Schooling is understood as the formal process by which we teach our children through the use of instructional methods, curriculum choices, assessments, and so on. The schooling process can take place within the context of any number of models including homeschooling, a blended model, a five-day a week model, etc.
Education can be best thought of as the formation of the whole child within the sacramental and ascetical life of the Church that aims at the restoration of the whole man with its culmination in theosis.
Two Basic Assumptions
Next, I would like to consider two basic assumptions that are important as we look at the relationship between schooling and education.
1. First, the fundamental problem for man is found within himself and not outside of man. So, no amount of schooling will ultimately solve man’s most basic problem.
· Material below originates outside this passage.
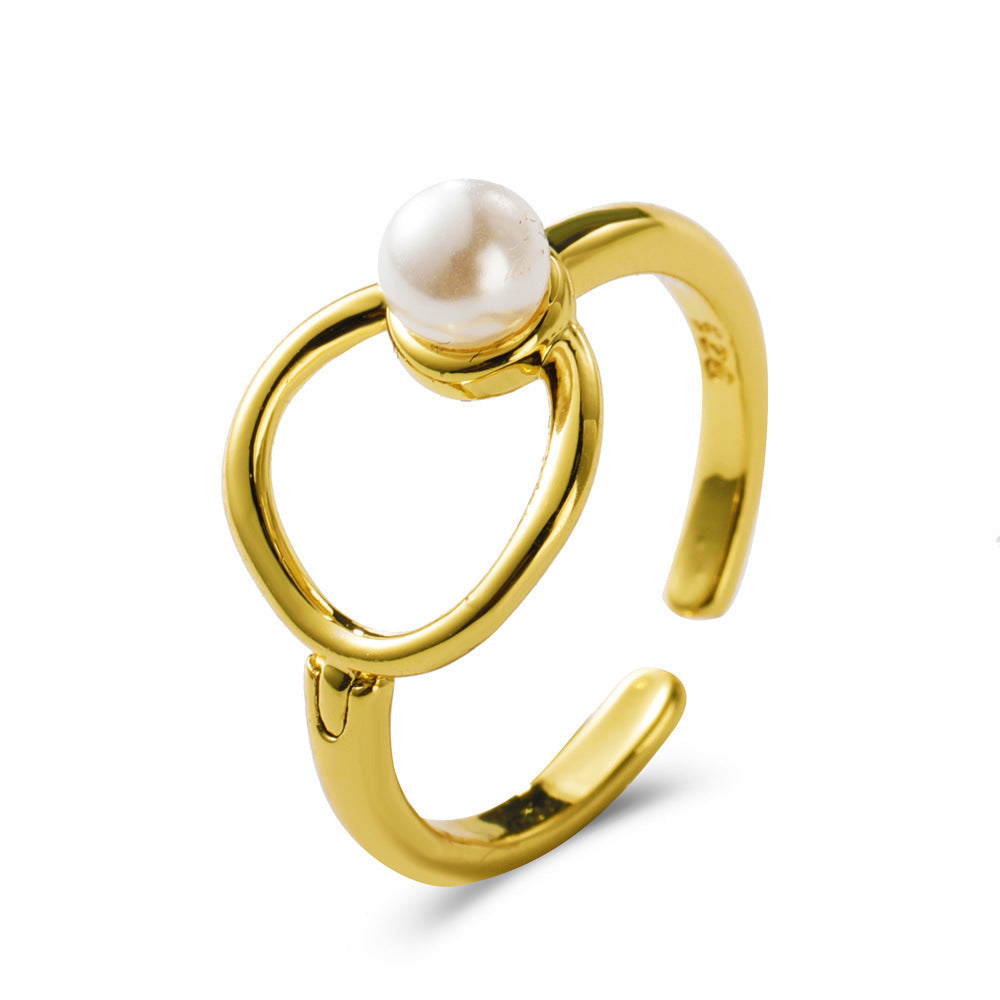 Womens Alloy Rings Retro Geometric Pearl Portrait Ring Love Rings Fashion Jewelry Unto Women Metal Rings Retro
2. Orthodox Christians do not measure progress by exterior achievements outside of the healing of man in Christ and his pursuit of theosis. Human progress begins with repentance.
Education
Let’s now look specifically at the purpose of education. St. Justin Popovich writes,
What other purpose does education have than to enlighten man, to illuminate all the abysses and the precipices in him, and to expel all darkness from him. If, however, man is without Christ, without God, namely, without this unique inextinguishable light, how will he disperse the gloom of the universe which from all sides attacks him and how will he expel the darkness from within him? With all his lights, but without God, man is nothing other than a firefly in the infinite darkness of the universe. His science and his philosophy, his education and culture, his art and civilization, these are but small candles which he lights in the darkness of earthly and worldly events. What can all of these candles do in the endless night of the deep darkness of individual, social, national, and international problems and events?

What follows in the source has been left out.